Prima di lui il pensiero dell’Occidente era soggiogato da
due grandi pesi. Il deismo per cui non era stata sufficiente la “lama” di
Immanuel Kant per operare “il taglio” e l’idea cartesiana di una natura data
come fissa immutabile per cui si poteva solo scrutare, osservare e capire.
Sulla base degli stessi principi che si sostengono sull’operatività
sul campo - quindi nell’immersione nei contesti analizzati – l’elemento oggetto
di analisi non è dato ma soggetto a costanti mutamenti, anche se non è detto
che possano piacere al soggetto indagato.
Con Darwin finisce l’ottimismo su cui era stato impostato lo
spirito scientifico. Anche nella scienza non si procede per ulteriori mattoni
coi quali si edifica la struttura ma invece con continue demolizioni-ricostruzioni.
E fu così che Darwin distrusse nettamente la teoria di Lamarck al tempo
prevalente per cui l’essere adeguandosi al suo ambiente riusciva a trasformare
sé stesso per il fine della sopravvivenza. Se questo era un po’ vero, secondo
Darwin, era tanto più vero che le trasformazioni arrivano per selezione
naturale: chi non è adeguato a rispondere alle condizioni di sussistenza
semplicemente muore e consente a chi invece possiede le caratteristiche giuste
per sopravvivere di vivere.
Una tesi potentissima nelle implicazioni che comportava. Da
una parte faceva un plauso il liberalismo. Si giustificava così la
stratificazione sociale con l’idea di pionieri che avevano costituito qualcosa
più grande del semplice stato di natura. E questo qualcosa era costituito dalla
produzione, prima, poi dalla produzione in serie, in ultimo dal mercato.
Rispondeva Marx la cui edizione de IL Capitale era dedicata
proprio a Charles in Darwin, in risposta polemica, avvalorando del nodo
sostanziale della tesi, ma, cosa più importante, rovesciando il suggello trovato
dal liberalismo. Marx nel secondo libro della sua opera monumentale spiegava
come era in verità nato il capitalismo e come la ricerca di condizioni di
mercato migliore per tanti lavoratori della terra nel Seicento aveva consentito
a tanti di cercare sostegno a ridosso delle città, nell’Inghilterra di quei
tempi. Questa condizione aveva sollecitato all’affermazione delle arti e delle
attività in cui si realizza l’irrealizzato, non semplicemente viene utilizzato
quel che arriva dalla natura per la sussistenza. Questo movimento aveva
consentito di salire lo scalino evolutivo costruendo le prime proto-attività
artigiane e dopo la necessità di trovare altra forza lavoro dalle braccia che
fuggivano dalle campagne. Di lì la nascita del mercato, nella necessità di
trovare riscontro delle attività di produzione. Si rovesciava, quindi, la
progressione voluta dal mondo liberale. E il mercato che voleva essere il
grande motore era invece lo sbocco in grado di tenere in piedi quanto costruito.
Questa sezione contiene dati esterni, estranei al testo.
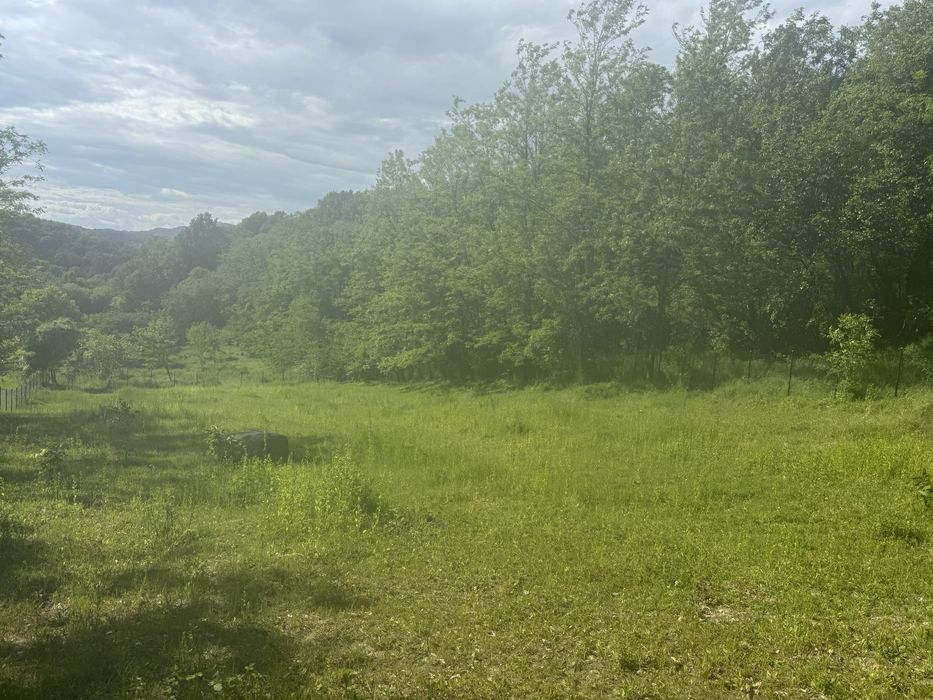 Teren intravilan / extravilan Ocnele Mari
Pur non conoscendo le tesi di Darwin questa lettura si
inscriveva in falso alla lettura data nell’Evoluzione della Specie. Di fronte
ai cambiamenti dello stato di cose l’uomo aveva una possibilità di modificare
la sua condizione attraverso il lavoro. Ed era questa la lezione che Marx aveva
appreso da Hegel.
Ma se conservava un carattere confutatorio la prosecuzione
della narrazione marxiana doveva invece confermare la tesi darwiniana. Nello
scontro di classe che si determinava con la creazione del lavoro alienato la massa
dei lavoratori doveva riconoscersi come prevalente e sostanziale, da qui
sarebbe arrivato lo scontro in cui la classe degli sfruttatori non poteva che
soccombere. Pur senza poterlo dichiarare la tesi confermava il livello
evoluzionistico determinato da quello che Hegel avrebbe chiamato “il Mortum”
come esplicazione di un inevitabile conflitto.
Tutto ciò potrebbe essere sufficiente per decretare in
Darwin il pensatore più importante della modernità oramai arrivata alla fine. Ma le classifiche, come
tramandava Benedetto Croce, sono un’offesa all’intelligenza storica. E a questi
insegnamenti ancora noi ci atteniamo volendo osservare evoluzioni nostre.